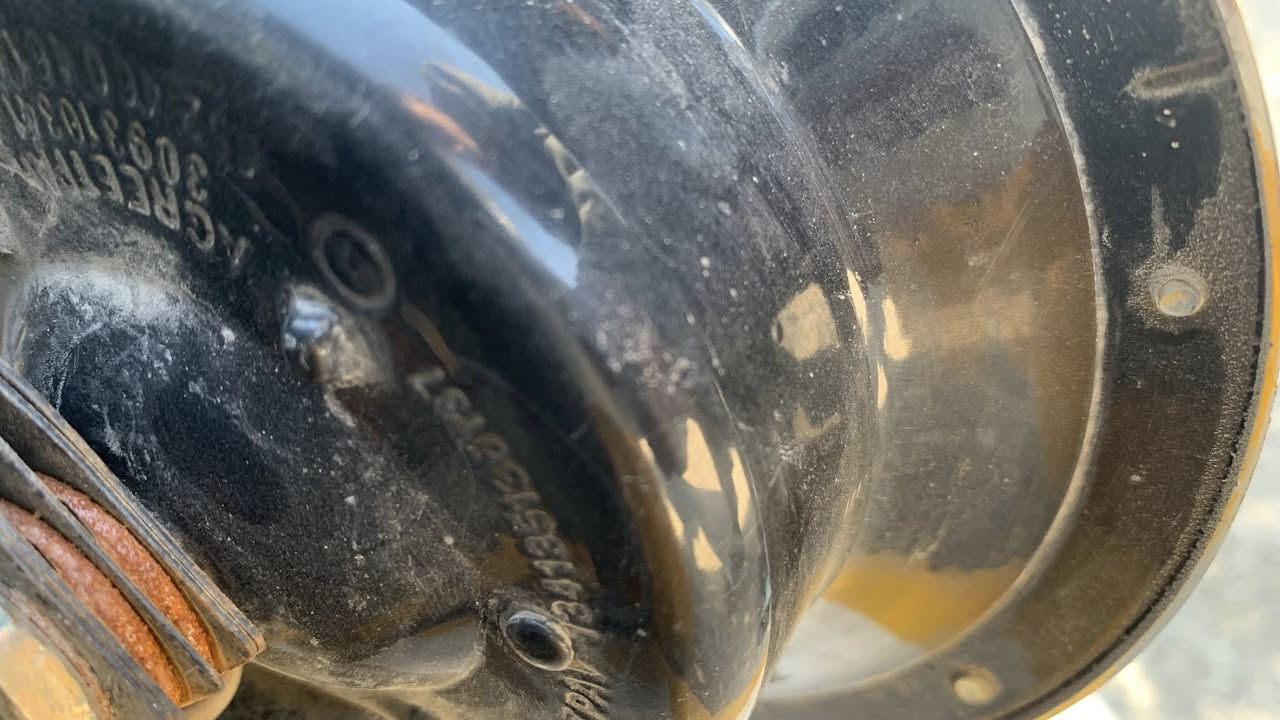 يراني ‏مؤسسة دكت كوستر قيم وخذ 
***********
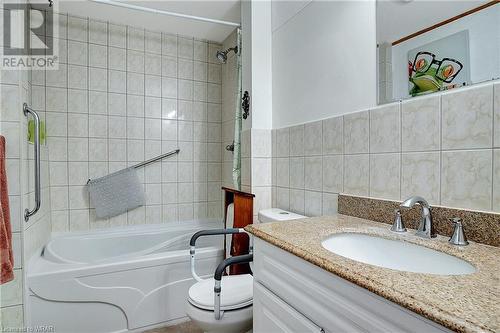 611 Garden Street, Cambridge, ON - Indoor Photo Showing Bathroom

## Exercise requirements
Reproduce the listing exactly, but keep its images out of the copy.

## Exercise output
 يراني ‏مؤسسة دكت كوستر قيم وخذ 
***********
 611 Garden Street, Cambridge, ON - Indoor Photo Showing Bathroom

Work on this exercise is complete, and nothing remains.